Ações Integradas para Garantir Assistência
A assistência aos indígenas desabrigados é coordenada pela Secretaria dos Povos Indígenas, que dirige as ações dentro do abrigo. A Defesa Civil está atenta e monitora outras áreas habitadas por indígenas que correm risco de alagamento, como as comunidades Seis de Agosto e Sobral. As secretarias de Assistência Social e da Mulher, junto à vice-governadora Mailza Assis, também estão envolvidas nesse esforço, conforme explica Francisca Arara, secretária dos Povos Indígenas.
Francisca Arara aponta que são realizados diagnósticos das famílias para identificar suas necessidades específicas e direcionar a ajuda adequadamente. “Se alguém está doente, acionamos a Secretaria Estadual de Saúde; se a necessidade é alimentar, a assistência social é contatada. A Sepi continua a monitorar e cuidar de todas as famílias”, afirmou a secretária.
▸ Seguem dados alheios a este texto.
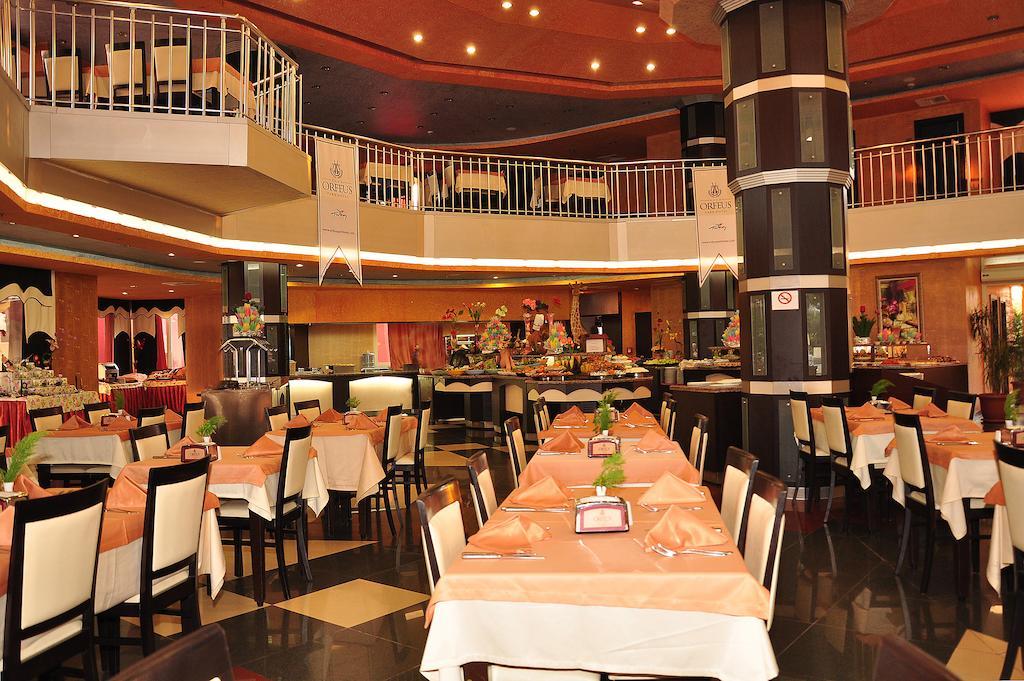 Orfeus Park Hotel Çolaklı Dış mekan fotoğraf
Ela ressaltou a missão determinada pelo governador, que é assegurar que a secretaria atue não apenas em favor dos indígenas em áreas rurais, mas também dos que se encontram em ambientes urbanos, devido a diversas circunstâncias.
Este trabalho integral é essencial para garantir a assistência adequada aos que enfrentam a difícil realidade das consequências da cheia do rio. A mobilização do governo do Estado é um passo significativo para amparar essas comunidades que, neste momento desafiador, precisam de um apoio estruturado e compassivo.